MATERIAL PROVIDED:
%%

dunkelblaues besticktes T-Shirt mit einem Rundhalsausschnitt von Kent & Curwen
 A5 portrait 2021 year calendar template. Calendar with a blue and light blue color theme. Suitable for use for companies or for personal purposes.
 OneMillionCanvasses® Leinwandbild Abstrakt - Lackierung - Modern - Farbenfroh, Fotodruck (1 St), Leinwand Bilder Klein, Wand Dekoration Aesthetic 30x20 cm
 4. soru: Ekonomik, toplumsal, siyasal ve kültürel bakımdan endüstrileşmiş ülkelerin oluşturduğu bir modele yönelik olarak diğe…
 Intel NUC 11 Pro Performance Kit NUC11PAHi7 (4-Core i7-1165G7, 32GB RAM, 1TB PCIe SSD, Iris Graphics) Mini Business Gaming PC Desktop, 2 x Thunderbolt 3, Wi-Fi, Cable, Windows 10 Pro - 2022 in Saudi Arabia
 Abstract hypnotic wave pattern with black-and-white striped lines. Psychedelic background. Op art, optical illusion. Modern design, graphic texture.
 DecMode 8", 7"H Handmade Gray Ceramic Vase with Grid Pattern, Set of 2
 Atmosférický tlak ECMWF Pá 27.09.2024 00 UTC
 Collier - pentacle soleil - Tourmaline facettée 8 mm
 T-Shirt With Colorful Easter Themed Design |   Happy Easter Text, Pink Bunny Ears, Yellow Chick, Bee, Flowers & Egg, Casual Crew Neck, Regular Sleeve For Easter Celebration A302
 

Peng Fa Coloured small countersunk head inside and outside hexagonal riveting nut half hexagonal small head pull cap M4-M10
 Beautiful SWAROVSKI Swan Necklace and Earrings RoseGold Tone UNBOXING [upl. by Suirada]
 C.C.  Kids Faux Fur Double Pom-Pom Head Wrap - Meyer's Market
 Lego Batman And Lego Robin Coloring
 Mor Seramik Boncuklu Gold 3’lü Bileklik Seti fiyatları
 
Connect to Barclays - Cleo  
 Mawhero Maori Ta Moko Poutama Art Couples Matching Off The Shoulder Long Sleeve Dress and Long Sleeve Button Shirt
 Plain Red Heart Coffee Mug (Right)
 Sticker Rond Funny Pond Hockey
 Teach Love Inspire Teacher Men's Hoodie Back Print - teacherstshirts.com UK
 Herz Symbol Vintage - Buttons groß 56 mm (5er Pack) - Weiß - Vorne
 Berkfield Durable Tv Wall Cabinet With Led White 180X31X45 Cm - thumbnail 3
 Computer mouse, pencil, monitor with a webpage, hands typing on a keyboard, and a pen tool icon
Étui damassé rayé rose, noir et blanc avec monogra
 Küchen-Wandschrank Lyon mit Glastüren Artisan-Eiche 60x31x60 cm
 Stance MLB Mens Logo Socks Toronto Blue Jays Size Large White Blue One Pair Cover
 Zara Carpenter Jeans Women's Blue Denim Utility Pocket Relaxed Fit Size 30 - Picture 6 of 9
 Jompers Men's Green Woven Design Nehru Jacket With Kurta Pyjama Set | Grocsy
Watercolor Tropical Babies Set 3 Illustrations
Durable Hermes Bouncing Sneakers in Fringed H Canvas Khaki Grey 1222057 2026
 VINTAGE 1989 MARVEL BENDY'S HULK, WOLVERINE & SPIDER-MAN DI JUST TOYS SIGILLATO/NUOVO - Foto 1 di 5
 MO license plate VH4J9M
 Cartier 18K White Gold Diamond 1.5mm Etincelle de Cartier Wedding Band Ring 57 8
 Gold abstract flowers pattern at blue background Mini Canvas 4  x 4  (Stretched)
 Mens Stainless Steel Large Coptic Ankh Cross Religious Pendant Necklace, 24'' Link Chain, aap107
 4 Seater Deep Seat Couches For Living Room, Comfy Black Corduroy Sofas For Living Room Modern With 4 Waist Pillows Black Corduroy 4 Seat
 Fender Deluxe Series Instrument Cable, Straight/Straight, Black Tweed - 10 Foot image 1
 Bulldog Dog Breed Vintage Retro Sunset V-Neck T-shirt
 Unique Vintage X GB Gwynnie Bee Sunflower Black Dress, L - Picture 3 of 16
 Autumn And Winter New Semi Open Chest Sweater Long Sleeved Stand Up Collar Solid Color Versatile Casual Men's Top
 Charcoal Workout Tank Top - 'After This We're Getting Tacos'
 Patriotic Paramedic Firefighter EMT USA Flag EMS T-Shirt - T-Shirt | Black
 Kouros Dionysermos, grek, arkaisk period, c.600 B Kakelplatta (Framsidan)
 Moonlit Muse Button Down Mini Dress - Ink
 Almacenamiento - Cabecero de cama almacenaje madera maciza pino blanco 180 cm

%%

TASK BRIEF:
Copy the material above word for word, taking the first line, the line containing "4. soru: Ekonomik, toplumsal, siyasal", and every line between them, and nothing else.

YOUR SOLUTION:
dunkelblaues besticktes T-Shirt mit einem Rundhalsausschnitt von Kent & Curwen
 A5 portrait 2021 year calendar template. Calendar with a blue and light blue color theme. Suitable for use for companies or for personal purposes.
 OneMillionCanvasses® Leinwandbild Abstrakt - Lackierung - Modern - Farbenfroh, Fotodruck (1 St), Leinwand Bilder Klein, Wand Dekoration Aesthetic 30x20 cm
 4. soru: Ekonomik, toplumsal, siyasal ve kültürel bakımdan endüstrileşmiş ülkelerin oluşturduğu bir modele yönelik olarak diğe…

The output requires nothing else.